The price trajectory of the past three years represents one of the most dramatic commodity moves across any asset class. From approximately $20 per ounce in early 2023, silver surged to an all-time high of $121.64 per troy ounce on January 29, 2026 — a gain of approximately 500% in under three years. The move reflected the convergence of four simultaneous forces: structural supply deficit from solar demand, monetary demand pulled along by gold's rise driven by central bank buying, investment demand from retail and institutional participants recognizing the industrial story, and short covering in futures markets that amplified the move.
The correction from $121.64 to approximately $76 per ounce has been significant — approximately 37% off the peak. It reflects profit-taking, demand normalization as some solar procurement was front-loaded during the price surge, and the resolution of the acute short covering dynamic that amplified the January peak. At $76 per ounce, silver remains approximately 280% above its early 2023 levels.
The gold-to-silver ratio (the number of ounces of silver required to purchase one ounce of gold — a traditional measure of relative valuation between the two metals) currently sits at approximately 59, down from above 80 at the start of 2024 but still well below the historical average of approximately 47. A ratio of 59 implies silver has room to appreciate relative to gold if the industrial demand story continues to outperform monetary demand.
Plain English
From $20 to $121 to $76. The surge was real — structural deficit meeting investment demand meeting gold's rally. The correction is real too — profit-taking and demand normalization. At $76, silver is still 280% above where it was two years ago. The gold-silver ratio at 59 suggests silver has not fully caught up to gold's move even after its own dramatic run. The structural deficit has not been resolved.
Why It's on This List
ScarceEarth covers silver because it sits at the most consequential intersection of the monetary economy and the physical infrastructure economy of any metal on this platform.

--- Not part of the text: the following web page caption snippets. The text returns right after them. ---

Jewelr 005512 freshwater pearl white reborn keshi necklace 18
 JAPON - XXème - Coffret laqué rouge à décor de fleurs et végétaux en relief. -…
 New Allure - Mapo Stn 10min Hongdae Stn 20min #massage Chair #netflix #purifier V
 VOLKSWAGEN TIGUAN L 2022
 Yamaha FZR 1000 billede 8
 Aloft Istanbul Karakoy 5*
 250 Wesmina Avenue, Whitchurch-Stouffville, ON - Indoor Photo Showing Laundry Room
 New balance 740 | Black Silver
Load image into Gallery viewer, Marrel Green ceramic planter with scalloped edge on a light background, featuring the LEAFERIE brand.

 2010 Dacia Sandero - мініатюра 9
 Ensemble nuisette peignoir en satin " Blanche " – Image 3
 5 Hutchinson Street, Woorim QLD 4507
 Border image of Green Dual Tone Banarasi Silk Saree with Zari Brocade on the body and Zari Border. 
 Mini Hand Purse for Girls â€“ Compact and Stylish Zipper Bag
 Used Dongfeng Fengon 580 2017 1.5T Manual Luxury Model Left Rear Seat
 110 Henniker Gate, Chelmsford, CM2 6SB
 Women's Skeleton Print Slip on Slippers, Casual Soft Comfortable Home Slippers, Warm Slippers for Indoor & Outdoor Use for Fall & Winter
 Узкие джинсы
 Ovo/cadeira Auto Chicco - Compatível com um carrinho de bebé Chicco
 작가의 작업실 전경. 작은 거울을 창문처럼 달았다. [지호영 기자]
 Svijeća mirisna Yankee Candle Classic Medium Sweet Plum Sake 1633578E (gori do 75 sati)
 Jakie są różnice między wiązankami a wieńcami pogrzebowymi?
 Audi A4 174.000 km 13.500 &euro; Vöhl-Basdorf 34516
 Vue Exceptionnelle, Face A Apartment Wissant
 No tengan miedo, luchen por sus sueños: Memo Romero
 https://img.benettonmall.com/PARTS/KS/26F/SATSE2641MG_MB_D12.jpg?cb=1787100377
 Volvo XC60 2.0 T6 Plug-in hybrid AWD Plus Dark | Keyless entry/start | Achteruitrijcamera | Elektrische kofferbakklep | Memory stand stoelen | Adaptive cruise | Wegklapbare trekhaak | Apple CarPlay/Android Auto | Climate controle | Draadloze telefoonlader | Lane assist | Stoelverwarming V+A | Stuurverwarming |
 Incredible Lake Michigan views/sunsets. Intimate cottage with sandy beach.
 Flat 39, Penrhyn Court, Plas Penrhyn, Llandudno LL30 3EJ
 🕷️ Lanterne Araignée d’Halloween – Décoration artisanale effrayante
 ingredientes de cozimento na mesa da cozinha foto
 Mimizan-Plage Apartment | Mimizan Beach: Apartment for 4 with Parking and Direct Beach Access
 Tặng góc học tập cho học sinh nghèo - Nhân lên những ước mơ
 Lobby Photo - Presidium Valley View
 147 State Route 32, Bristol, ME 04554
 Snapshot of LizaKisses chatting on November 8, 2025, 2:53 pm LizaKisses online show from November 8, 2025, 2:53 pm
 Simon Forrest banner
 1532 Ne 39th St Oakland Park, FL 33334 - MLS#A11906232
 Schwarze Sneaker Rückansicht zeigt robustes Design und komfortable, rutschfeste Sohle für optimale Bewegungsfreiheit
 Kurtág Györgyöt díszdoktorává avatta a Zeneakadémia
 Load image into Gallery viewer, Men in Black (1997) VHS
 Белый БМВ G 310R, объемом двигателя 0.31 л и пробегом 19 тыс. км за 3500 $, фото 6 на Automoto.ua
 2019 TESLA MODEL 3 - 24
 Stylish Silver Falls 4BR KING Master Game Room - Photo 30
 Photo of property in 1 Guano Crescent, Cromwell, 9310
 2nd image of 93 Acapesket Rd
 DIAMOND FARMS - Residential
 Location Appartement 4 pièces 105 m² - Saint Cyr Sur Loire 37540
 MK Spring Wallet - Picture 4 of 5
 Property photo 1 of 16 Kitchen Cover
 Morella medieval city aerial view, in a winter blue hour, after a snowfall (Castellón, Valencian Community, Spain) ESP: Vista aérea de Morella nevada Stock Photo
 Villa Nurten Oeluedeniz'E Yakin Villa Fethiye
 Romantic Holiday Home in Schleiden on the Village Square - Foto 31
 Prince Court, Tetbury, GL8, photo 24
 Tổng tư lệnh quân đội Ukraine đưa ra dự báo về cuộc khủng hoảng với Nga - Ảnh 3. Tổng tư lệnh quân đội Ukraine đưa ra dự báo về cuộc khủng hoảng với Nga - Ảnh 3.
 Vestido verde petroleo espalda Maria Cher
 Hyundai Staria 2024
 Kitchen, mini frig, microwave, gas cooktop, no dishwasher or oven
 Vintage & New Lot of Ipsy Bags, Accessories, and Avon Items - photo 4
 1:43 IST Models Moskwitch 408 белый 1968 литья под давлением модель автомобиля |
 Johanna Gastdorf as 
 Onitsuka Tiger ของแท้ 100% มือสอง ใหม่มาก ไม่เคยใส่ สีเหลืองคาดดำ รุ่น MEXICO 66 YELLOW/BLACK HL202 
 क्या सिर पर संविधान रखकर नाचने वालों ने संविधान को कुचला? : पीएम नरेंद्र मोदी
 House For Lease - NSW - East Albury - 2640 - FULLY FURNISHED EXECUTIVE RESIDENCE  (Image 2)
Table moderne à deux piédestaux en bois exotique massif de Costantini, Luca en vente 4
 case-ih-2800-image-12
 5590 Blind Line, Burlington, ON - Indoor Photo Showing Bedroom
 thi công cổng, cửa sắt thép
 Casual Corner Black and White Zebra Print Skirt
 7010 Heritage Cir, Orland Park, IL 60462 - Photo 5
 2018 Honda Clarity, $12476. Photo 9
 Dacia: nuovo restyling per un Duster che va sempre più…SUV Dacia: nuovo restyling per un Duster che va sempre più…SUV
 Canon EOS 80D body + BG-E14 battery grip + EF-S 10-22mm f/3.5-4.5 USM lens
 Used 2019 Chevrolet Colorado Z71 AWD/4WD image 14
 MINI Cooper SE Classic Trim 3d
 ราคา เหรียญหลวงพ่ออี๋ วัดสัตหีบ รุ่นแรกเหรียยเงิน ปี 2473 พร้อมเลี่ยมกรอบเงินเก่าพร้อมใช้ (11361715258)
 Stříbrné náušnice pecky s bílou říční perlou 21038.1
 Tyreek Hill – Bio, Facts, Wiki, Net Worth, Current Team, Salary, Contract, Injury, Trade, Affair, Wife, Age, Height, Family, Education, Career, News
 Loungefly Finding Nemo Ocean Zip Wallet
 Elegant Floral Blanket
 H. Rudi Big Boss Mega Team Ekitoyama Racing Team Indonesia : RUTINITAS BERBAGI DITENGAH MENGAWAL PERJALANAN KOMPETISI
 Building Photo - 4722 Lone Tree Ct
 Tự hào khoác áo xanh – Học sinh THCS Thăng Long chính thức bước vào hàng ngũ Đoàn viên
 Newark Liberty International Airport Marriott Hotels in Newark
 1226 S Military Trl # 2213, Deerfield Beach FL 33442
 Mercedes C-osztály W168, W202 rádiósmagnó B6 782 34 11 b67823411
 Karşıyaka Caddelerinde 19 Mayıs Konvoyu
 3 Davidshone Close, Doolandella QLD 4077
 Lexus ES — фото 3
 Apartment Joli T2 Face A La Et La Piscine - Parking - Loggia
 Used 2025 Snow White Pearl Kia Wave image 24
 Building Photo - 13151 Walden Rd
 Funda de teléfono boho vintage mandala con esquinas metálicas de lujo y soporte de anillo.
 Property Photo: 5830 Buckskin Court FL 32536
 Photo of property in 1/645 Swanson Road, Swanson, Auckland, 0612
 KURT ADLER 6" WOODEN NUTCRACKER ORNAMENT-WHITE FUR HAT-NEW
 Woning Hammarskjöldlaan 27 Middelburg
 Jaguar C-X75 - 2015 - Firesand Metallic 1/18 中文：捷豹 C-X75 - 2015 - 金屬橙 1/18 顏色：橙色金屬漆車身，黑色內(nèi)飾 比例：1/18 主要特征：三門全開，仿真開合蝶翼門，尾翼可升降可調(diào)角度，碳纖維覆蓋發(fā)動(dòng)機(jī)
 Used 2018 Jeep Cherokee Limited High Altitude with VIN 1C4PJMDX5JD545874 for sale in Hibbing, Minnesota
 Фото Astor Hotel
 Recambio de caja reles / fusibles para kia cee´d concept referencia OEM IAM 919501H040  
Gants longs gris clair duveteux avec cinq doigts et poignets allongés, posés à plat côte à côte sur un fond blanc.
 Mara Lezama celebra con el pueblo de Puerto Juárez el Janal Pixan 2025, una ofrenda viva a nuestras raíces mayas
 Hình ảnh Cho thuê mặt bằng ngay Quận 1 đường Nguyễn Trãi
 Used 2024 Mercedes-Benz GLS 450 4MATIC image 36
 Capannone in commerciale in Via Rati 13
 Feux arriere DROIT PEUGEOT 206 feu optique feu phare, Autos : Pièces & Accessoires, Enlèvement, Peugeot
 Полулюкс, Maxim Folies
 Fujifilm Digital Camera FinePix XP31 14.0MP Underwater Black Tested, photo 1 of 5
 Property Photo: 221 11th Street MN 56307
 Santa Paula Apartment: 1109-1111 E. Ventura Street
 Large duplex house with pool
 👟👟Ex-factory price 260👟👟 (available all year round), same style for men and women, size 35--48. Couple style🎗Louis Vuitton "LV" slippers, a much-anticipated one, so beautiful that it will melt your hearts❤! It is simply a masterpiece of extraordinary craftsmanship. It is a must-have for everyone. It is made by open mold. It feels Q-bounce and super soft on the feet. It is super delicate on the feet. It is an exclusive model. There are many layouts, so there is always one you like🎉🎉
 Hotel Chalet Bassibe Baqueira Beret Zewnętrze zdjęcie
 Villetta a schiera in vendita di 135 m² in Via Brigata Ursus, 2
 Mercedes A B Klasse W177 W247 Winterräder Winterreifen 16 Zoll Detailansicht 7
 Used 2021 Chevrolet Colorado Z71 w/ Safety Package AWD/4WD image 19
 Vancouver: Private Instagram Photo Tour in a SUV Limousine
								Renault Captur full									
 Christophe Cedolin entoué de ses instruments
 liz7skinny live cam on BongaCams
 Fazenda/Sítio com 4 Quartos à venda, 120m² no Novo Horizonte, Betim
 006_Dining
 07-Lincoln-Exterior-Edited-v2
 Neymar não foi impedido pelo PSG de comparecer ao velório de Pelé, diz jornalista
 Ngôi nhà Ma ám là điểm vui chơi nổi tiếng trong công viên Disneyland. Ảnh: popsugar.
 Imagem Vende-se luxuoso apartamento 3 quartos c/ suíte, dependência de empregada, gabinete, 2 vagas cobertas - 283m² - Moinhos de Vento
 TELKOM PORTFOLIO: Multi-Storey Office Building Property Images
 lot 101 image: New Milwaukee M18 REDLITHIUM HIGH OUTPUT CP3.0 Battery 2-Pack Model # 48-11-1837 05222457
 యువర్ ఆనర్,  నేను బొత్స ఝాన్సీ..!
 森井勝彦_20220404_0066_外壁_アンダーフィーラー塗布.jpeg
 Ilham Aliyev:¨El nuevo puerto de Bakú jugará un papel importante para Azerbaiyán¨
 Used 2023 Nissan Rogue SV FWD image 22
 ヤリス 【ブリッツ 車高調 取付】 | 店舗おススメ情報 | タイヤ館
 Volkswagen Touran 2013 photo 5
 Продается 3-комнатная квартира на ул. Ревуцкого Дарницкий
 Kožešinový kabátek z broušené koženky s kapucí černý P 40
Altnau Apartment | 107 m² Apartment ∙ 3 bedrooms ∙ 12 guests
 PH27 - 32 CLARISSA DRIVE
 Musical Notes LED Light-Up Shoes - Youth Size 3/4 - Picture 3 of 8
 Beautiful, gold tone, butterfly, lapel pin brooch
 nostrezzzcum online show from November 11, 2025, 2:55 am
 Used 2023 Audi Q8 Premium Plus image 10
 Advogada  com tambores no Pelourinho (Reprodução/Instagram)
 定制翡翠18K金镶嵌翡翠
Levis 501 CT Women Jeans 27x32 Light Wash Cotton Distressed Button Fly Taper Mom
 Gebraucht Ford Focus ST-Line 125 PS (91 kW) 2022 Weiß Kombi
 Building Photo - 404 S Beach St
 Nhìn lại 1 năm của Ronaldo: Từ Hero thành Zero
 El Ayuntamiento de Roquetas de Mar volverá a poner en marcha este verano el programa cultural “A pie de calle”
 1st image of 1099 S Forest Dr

Silver is consumed permanently in the green energy buildout in a way that gold is not. Every gigawatt of solar installed requires silver that does not come back. Every EV manufactured requires silver that is embedded in components that are difficult or uneconomical to recycle at current technology and price levels. The energy transition is a silver consumption event that has no obvious plateau — solar installation rates are projected to continue growing for the remainder of this decade, and each installed gigawatt is a permanent silver demand claim.
The byproduct supply structure means the silver deficit cannot be easily resolved by building more mines. The majority of silver production is collateral output from base metal mining that responds to base metal economics. A sustained silver price signal does accelerate some primary silver mine development — Mexico's silver districts are responsive to price — but primary mines are a minority of total supply. The deficit mathematics are structural, not cyclical.
The monetary function adds a layer of demand that is sensitive to the same geopolitical conditions driving gold's rise. When gold is at all-time highs driven by central bank reserve diversification, silver benefits from the monetary association even as its industrial fundamentals justify the move independently. The two demand functions reinforce each other when both are active simultaneously — as they were through 2024 and into 2026.
Plain English
Solar is consuming silver faster than mines are producing it. Four consecutive deficit years have drawn down inventory. The supply cannot respond quickly because most silver is a byproduct of other metals' production. The monetary demand adds on top of the industrial demand when geopolitical conditions are elevated. The all-time high of $121 reflected all of those forces simultaneously. The correction to $76 has not resolved any of them.